462 Fundamental

462: Pipeline Concurrency

Functional Programming

Tutorial Video

Text description (accessibility)

This video demonstrates the "462: Pipeline Concurrency" functional Rust example. Difficulty level: Fundamental. Key concepts covered: Functional Programming. Data processing often has sequential stages: read → parse → validate → transform → write. Key difference from OCaml: 1. **Channel chaining**: Rust pipelines use explicit channel pairs between stages; OCaml's `Lwt_stream.map` chains lazily.

Tutorial

The Problem

Data processing often has sequential stages: read → parse → validate → transform → write. Running stages sequentially wastes time — the parser waits idle while the reader fetches the next batch. Pipelining runs stages concurrently: stage 1 processes item 1 while stage 2 processes item 0. With N stages each taking time T, throughput improves from T per item to T per item (after startup) with N stages running simultaneously.
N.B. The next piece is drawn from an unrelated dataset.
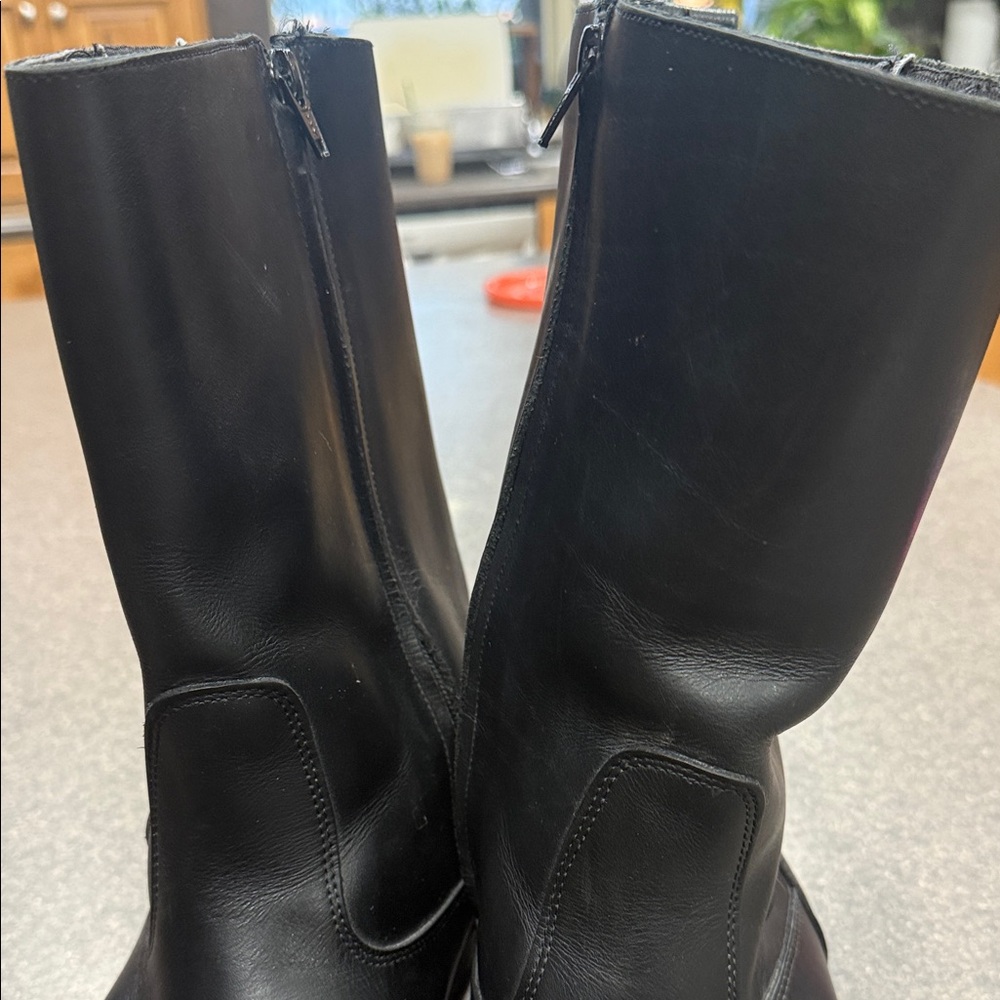Men's Black Leather Pull-On motorcycle boots - Picture 16 of 16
This is the assembly line model applied to software.

Pipeline concurrency appears in video encoding (decode→filter→encode stages), ETL pipelines, network packet processing, compiler stages (lex→parse→typecheck→codegen), and build systems.

🎯 Learning Outcomes

• Understand how channel-connected stages enable pipeline concurrency

• Learn how each stage runs in its own thread consuming from one channel and producing to the next

• See how Sender<O> + Receiver<I> connect stages via channels

• Understand pipeline throughput vs. latency: throughput improves, per-item latency increases

• Learn the Pipeline builder pattern for constructing multi-stage pipelines

Code Example

#![allow(clippy::all)]
//! # Pipeline Concurrency — Staged Processing
//!
//! Process data through multiple stages, each running in its own thread.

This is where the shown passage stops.